2.1. Di principio, il Tribunale federale applica il diritto federale d'ufficio (art. 106 cpv. 1 LTF). Nondimeno, tenuto conto dell'onere di allegazione e motivazione imposto dall'art. 42 cpv. 1 e 2 LTF, considera di regola solo gli argomenti proposti (DTF 142 III 364 consid. 2.4). Esigenze più severe valgono in relazione alla denuncia della violazione di diritti fondamentali, che dev'essere formulata in maniera precisa (art. 106 cpv. 2 LTF; DTF 143 II 283 consid. 1.2.2).  

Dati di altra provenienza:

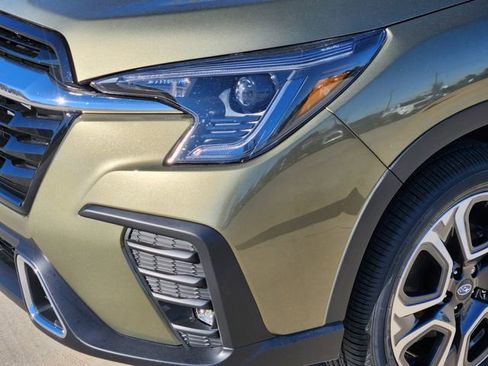 New 2026 Subaru Ascent Touring image 6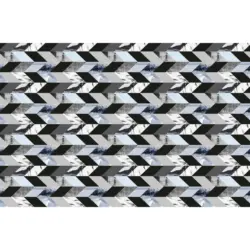 Outdoorteppich 118/180 cm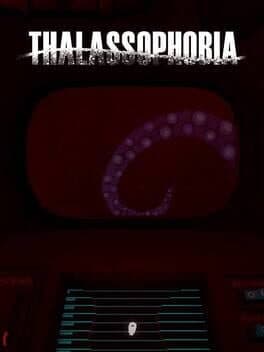 Thalassophobia cover art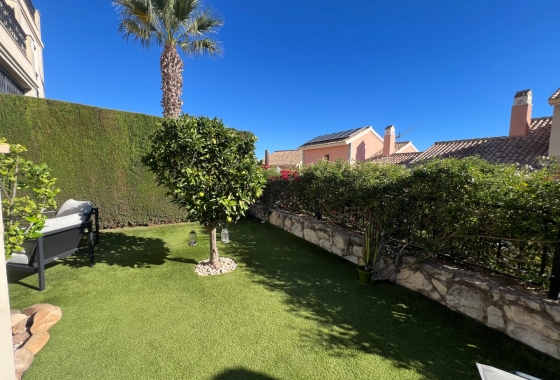 Revente - Bungalow - Algorfa - Inland
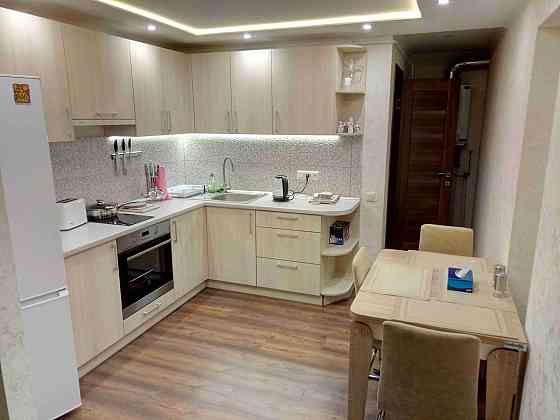 Продаж Квартира 2-кімнатна на ул. Юрия Олеши, 10 Одеса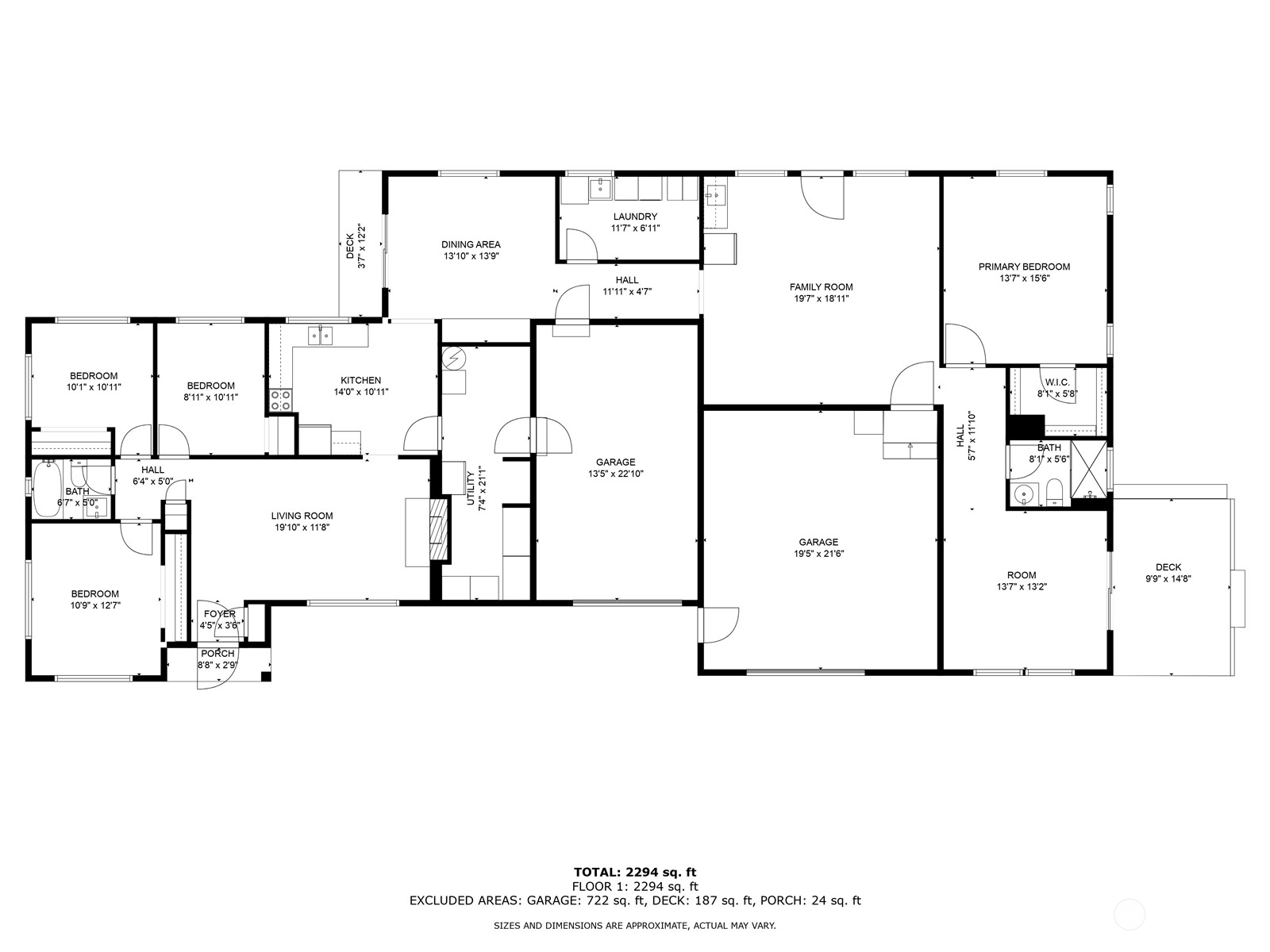 5117 W View Drive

Sul piano dei fatti, il Tribunale federale fonda il suo ragionamento giuridico sugli accertamenti svolti dall'autorità inferiore (art. 105 cpv. 1 LTF); può rettificarli o completarli se sono manifestamente inesatti o risultano da una violazione del diritto ai sensi dell'art. 95 LTF (art. 105 cpv. 2 LTF). In questo ambito, manifestamente inesatto significa arbitrario (DTF 140 III 1.15 consid. 2). Chi critica la fattispecie accertata nella sentenza impugnata non può limitarsi a completarla ma deve sollevare una censura specifica (art. 106 cpv. 2 LTF; DTF 140 III 264 consid. 2.3). A meno che non ne dia motivo la decisione impugnata, il Tribunale federale non tiene neppure conto di fatti o mezzi di prova nuovi, i quali non possono comunque essere posteriori al querelato giudizio (art. 99 cpv. 1 LTF; DTF 139 III 120 consid. 3.1.2). 
 
2.2. Nella fattispecie, siccome l'insorgente non li mette validamente in discussione - con una motivazione che ne dimostri un accertamento arbitrario (art. 106 cpv. 2 LTF) - i fatti che emergono dalla sentenza impugnata vincolano il Tribunale federale (art. 105 cpv. 1 LTF; sentenza 2C_555/2021 del 16 novembre 2021 consid. 2.2).  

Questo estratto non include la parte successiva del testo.